初耳だったので少し意外に思う。宗次郎の方を向いたら、曖昧に笑みながらお茶を飲んでいた。顔の左半分だけが洋燈の光に当たって、橙に色付いて見える。普段から余り何事も気にしないみたいににこにこしているのだけれど、偶に見せるこういう表情が、わたしは好きだ。一呼吸置いて湯のみを下ろしてから、切り出す。
――わたしはね、雨の匂いが好き
雨がぽつんぽつんと降り始めたときの、何とも比喩しようのない湿気を含んだ空気や土や草の湿った匂い。何だか物悲しくて、どうも心惹かれるものがある。

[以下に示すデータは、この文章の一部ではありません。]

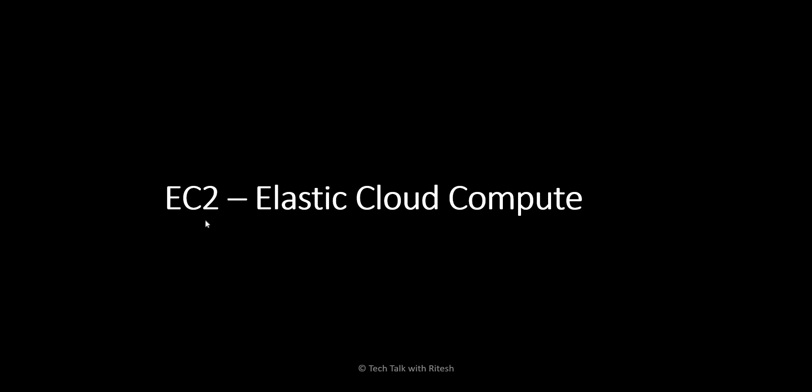Hi everyone, welcome back. In this video we are going to cover a very popular service from AWS that is EC2, which stands for Elastic Cloud Compute.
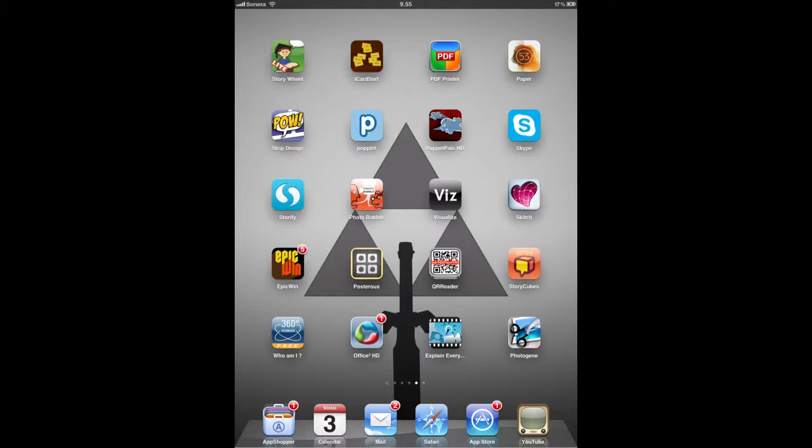First of all, you want to open the Posterous application. It's the icon with the yellow square and four dots and four squares inside.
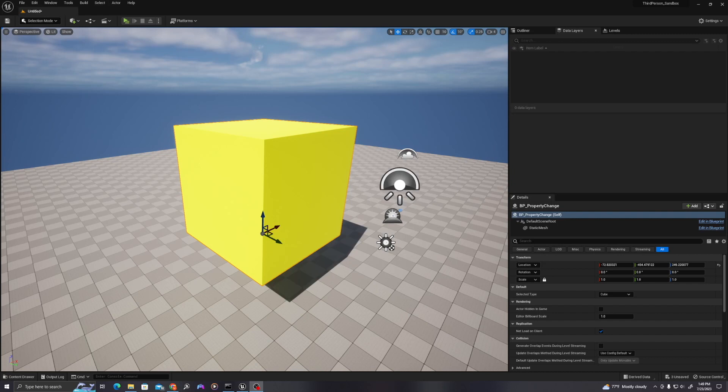Hello, all. Today we will talk about using enumerators, maps, and structures to assign values to blueprints in Unreal Engine. Let's get started.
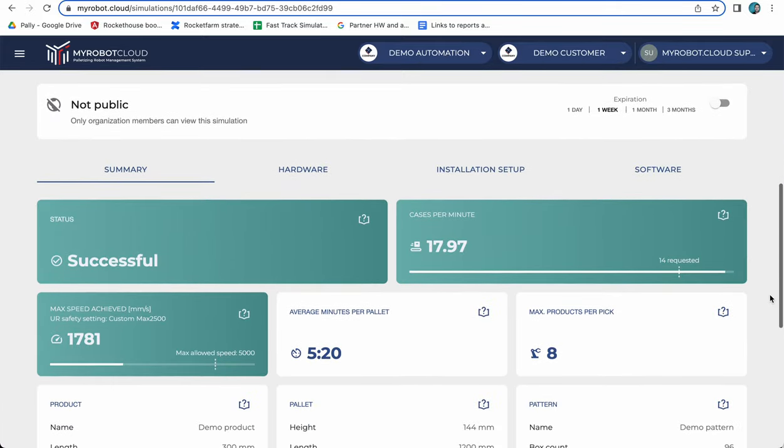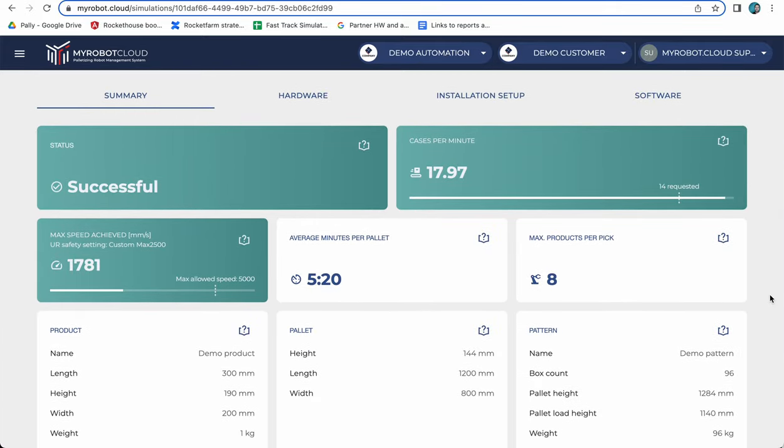We will get the metrics from the simulation report which I will go more in detail to in the next video.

――雨の匂いかあ、うん、それは、何となくわかる気がします
宗次郎は、うんうんと頷きながら呟いた。わたしは頷く彼の横顔を見ながら、またお茶を喉に流し込む。お茶の葉を先日から変えてみたのだけれど、どうやら成功だったみたいだ。なんて美味しいお茶。
――あ
宗次郎は、硝子戸の向こうで何かに気付いたように視線を止めた。どうしたの、と問いながら、わたしも彼の視線を辿ってみる。
――雨が
宗次郎はぽつんと声を漏らし、わたしも彼が指差す見て、あ、と思わず呟いた。空から糸を垂れるように降っていた静かな雨の筋が、いつの間にか見えなくなっている。わたしが立ちあがったのと宗次郎が立ちあがったのはほぼ同時で、向かった先も同じ、縁側の硝子戸の前だった。向こう側を覗くみたいに硝子に頬をくっつけたら、すっかり晴れた、とまでは行かないものの、どうやら雨は上がっているらしく、庭に出来た水溜りに波紋は描かれていなかった。分厚い雲に出来た少しの隙間から差し込む太陽の光は、何だかとても神々しく荘厳に見えた。
――雨、あがったねえ
――あがりましたね
確かめるように小さく呟いて、ふと、庭に植わっている紫陽花に目を落とした。
――あ、見て
そして今度は、わたしが驚きの声をあげる番。
――咲いてるわ
――本当だ、綺麗ですね
確かに先日まではつぼみだったはずの紫陽花は、薄桃色の花びらを称えてちらほらと咲き始めていた。その色はまるで、わたしの湯のみの色にそっくりだ。あの色味は桜のものみたいだと思っていたけれど、やっぱり紫陽花に喩えるのも悪くない。まだ完全に咲いてしまった訳ではないけれど、この様子だと満開になって雪洞のようになるのもそんなに先の話ではあるまい。
――こういうのを見ると
紫陽花を眺めながら、宗次郎が口を開く。
――梅雨も、そう悪くないって気がしますね
――そうね
二人して硝子にぴったりと頬を寄せながら呟いて笑う。薄桃色の花びらにぽつんと乗った水滴に、雲間から差す光がきらりと輝いていた。